I started out this blog wanting to host Ghost in a container running on an Azure Web App. When I had errors creating the database, I tried Kubernetes and it just worked so I found myself running Ghost in AKS.

This has been a great experience overall, however I've lost my blog a few times by exceeding my available credits, mostly due to unexpected running costs. It's been difficult to predict my spending costs since the environment has a virtual machine, disk, router and logging that all contribute significantly to the total cost.
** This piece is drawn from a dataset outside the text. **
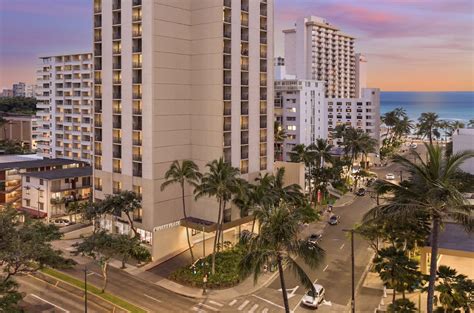 Hyatt Place Waikiki Beach Hotel Points With A Crew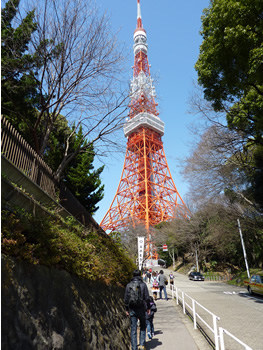 画像: 東京タワー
I also found that Kubernetes had a limit of 4 disks per node, which was the limiting factor to the number of ghost servers I could run. The problem is, I have too much power and it costs too much. The smallest single node AKS cluster seems to cost around $3-$4/day. When I can have a hosted Wordpress site for $5/mth, it's just too much.

Web Apps have a single price for the App Service Plan, plus any Azure Storage, which would be perfect for any extra content, like images, etc. I hit too many problems trying to run a sqlite database on a volume mapped to Azure Storage.

Or we could just spin up a Linux VM and follow the instructions from Ghost. We really don't need much resources, so I'm going to use a B1ms (1 core, 2 Gb RAM).

1. Create the Linux VM

The Azure Cli makes this super simple.

$ az group create \
    --name blogs \
    --location australiaeast

$ az vm create \
    --resource-group blogs \
    --name blogs \
    --image UbuntuLTS \
    --admin-username azureuser \
    --generate-ssh-keys \
    --size Standard_B1ms

$ az vm open-port \
    --port 80 \
    --resource-group blogs \
    --name blogs \
    --priority 900
    
$ az vm open-port \
    --port 443 
    --resource-group blogs 
    --name blogs 
    --priority 910

2. Connect and update your VM

You've got a pretty barebones image right now. The next step is to connect and upgrade anything installed. You will need the IP that was supplied when you created the VM, or you can look it up in the Azure Portal.

$ ssh azureuser@<ip>
$ sudo apt-get update
$ sudo apt-get upgrade

3. Install Node

$ curl -sL https://deb.nodesource.com/setup_10.x | sudo -E bash -
$ sudo apt-get install nodejs

4. Install MySQL

$ sudo apt-get install mysql-server

$ sudo mysql

# Now update your user with this password
# Replace 'password' with your password, but keep the quote marks!
> ALTER USER 'root'@'localhost' IDENTIFIED WITH mysql_native_password BY 'password';

# Then exit MySQL
> quit

5. Install Nginx

$ sudo apt-get install nginx

$ sudo ufw allow 80/tcp
$ sudo ufw allow 443/tcp

6. Install Ghost and Create Blog

$ sudo npm install ghost-cli@latest -g
$ sudo mkdir -p /var/www/ghost/
$ sudo sudo chown azureuser:azureuser /var/www/ghost
$ sudo chmod 775 /var/www/ghost

$ cd /var/www/ghost/
$ ghost install

Summary

This is a pretty barebones install and requires quite a lot of steps to bring it together. I like the cost and this has been good to get started. To improve things, I'd like to have mysql and ghost running from containers. This would move the complexity from setting up ghost to setting up docker. We could then use docker-compose to pull images and start the services.